It's a phone as well, although you'd a bit daft holding up to your ear.


----------



## editor (May 25, 2010)

grit said:


> The developer relations staff from Google that I've met dont really approve of an Android stock install being used for tablets and the like. Using it as a base for development is different from implementing a stock version.


Although Google's aim is for Android to be installed _everywhere:_


> Q. Android is open and free, so anyone can put it in their devices – phones, cars, washing machines, whatever. But what uses is Google actively encouraging? Are you just focused on smartphones, or are you trying to get it on other types of devices?
> 
> Andy Rubin, vice president of mobile platforms at Google:
> This is kind of where open source meets business. I encourage high-volume things. A million customers? Not that interesting. Ten million? Not that interesting, but heading in the right direction. A hundred million customers starts getting interesting. So what consumer products have the opportunity to affect 100 million, 200 million, 300 million customers? There aren't that many. What's the most successful consumer product on the planet? People used to say the DVD. It's the cell phone. They're everywhere. That's why we focused on the cell phone first – it's the biggest volume opportunity.
> ...


----------



## grit (May 25, 2010)

editor said:


> Although Google's aim is for Android to be installed _everywhere:_



Yes he is saying its a phone OS.


----------



## bmd (May 25, 2010)

Gromit said:


> I use google satnav on my desire.



I bet there's a better one on the iPhone.


----------



## grit (May 25, 2010)

Bob Marley's Dad said:


> I bet there's a better one on the iPhone.



Its the same service.


----------



## Gromit (May 25, 2010)

Bob Marley's Dad said:


> I bet there's a better one on the iPhone.


 
Google only released it on Android (i think).

There are expensive one by TomTom and someone else. Set at a price where you might as well just buy a dedicated SatNav for a couple of quid more.

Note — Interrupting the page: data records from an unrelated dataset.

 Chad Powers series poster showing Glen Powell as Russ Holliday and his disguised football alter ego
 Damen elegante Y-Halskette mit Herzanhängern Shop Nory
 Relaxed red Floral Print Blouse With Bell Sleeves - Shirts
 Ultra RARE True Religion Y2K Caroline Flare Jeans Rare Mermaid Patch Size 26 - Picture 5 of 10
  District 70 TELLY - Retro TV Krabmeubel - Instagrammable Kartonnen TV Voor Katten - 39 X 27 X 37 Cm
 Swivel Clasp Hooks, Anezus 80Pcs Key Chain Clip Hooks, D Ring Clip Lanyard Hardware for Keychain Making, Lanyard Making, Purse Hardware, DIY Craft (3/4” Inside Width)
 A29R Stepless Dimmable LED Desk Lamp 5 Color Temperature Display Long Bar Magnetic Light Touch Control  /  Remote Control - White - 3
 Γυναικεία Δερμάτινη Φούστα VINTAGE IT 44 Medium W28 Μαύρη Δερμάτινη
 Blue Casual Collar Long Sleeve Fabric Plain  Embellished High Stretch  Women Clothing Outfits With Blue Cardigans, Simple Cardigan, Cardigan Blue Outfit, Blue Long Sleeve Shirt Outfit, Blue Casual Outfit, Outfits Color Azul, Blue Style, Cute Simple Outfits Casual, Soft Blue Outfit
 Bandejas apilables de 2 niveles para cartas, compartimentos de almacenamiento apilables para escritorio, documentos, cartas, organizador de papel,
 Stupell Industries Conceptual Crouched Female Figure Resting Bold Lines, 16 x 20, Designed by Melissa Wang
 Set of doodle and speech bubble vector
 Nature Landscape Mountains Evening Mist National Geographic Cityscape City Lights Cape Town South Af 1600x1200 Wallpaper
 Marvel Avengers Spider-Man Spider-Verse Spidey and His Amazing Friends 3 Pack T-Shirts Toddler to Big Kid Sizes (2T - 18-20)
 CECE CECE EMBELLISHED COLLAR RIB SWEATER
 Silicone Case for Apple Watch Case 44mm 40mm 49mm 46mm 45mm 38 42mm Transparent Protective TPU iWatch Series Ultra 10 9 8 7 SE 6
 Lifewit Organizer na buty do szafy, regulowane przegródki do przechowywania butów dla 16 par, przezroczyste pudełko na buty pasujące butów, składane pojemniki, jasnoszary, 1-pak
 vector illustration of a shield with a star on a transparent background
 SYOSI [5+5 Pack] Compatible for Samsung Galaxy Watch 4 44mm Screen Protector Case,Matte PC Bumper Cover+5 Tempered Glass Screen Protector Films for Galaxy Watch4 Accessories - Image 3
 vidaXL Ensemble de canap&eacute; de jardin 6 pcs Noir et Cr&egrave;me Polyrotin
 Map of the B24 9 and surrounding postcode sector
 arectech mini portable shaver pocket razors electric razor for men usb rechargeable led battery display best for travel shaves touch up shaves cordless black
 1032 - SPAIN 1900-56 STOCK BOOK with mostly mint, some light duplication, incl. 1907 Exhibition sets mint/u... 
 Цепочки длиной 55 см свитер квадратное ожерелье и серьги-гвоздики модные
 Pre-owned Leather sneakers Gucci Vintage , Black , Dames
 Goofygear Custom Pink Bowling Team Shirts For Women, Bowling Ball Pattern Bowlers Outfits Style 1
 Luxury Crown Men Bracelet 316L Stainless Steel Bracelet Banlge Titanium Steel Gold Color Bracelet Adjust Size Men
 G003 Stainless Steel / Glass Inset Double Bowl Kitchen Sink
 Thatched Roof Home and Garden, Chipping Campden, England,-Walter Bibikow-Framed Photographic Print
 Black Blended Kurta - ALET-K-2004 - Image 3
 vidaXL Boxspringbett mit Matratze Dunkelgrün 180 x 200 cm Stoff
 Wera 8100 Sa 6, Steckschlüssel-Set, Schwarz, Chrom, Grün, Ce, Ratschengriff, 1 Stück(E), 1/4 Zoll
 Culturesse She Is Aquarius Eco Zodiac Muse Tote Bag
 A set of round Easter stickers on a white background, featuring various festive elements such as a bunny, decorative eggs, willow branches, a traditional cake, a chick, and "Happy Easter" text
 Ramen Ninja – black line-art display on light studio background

No decent 'Free' SatNav as far as I'm aware.


----------



## Kid_Eternity (May 26, 2010)

*Dell Streak Android tablet coming to UK next month*

Bit bored of all these tablets desperately trying fill that tiny space between smartphone and laptop. Must admit the fact that the Courier never even got to prototype might be something to do with that...!


----------



## editor (May 26, 2010)

Courier was the only one that had anything remotely novel to offer.


----------



## Sunray (May 26, 2010)

editor said:


> Courier was the only one that had anything remotely novel to offer.



That never existed apart from in the imagination of some marketeer.


----------



## Sunray (May 26, 2010)

Actually, after a thought, if you already own a smart phone how this would in anyway be of use I am not sure.  

The iPad was going after a market that never existed and I am fairly sure this is the same.  The iPad only sold because it was Apple with its huge marketing budget.


----------



## UnderAnOpenSky (May 26, 2010)

Sunray said:


> Actually, after a thought, if you already own a smart phone how this would in anyway be of use I am not sure.



I think the fact it can make calls means its not been marketed to be used instead of your smartphone, but as a replacement.


----------



## Kid_Eternity (May 26, 2010)

Sunray said:


> That never existed apart from in the imagination of some marketeer.



Was it? I thought it was a dev team mock up not the marketing department?


----------



## editor (May 26, 2010)

Sunray said:


> That never existed apart from in the imagination of some marketeer.


Strange then that J Allard - head of Microsoft's Entertainment and Devices Division - is reported to have left the company because of the cancellation of the Courier project.

http://www.mobile-computing-news.co...llows-j-allard-out-the-door-at-microsoft.html


----------



## tarannau (May 26, 2010)

They've shaken up the whole underperforming team, haven't they? Claims about what caused the split are rumours at best, but there seems more to it than that.

Courier was clearly vaporware to a huge extent. There must have been some serious reservations to shelve a potential product after Apple's successful ipad launch


----------



## editor (May 26, 2010)

tarannau said:


> Courier was clearly vaporware to a huge extent.


Not sure if that really follows seeing as its scrapping prompted the departure of one of their head guys, but I guess we'll never know.

As for an "under-performing" team, a 35% jump in quarterly profits ain't that bad!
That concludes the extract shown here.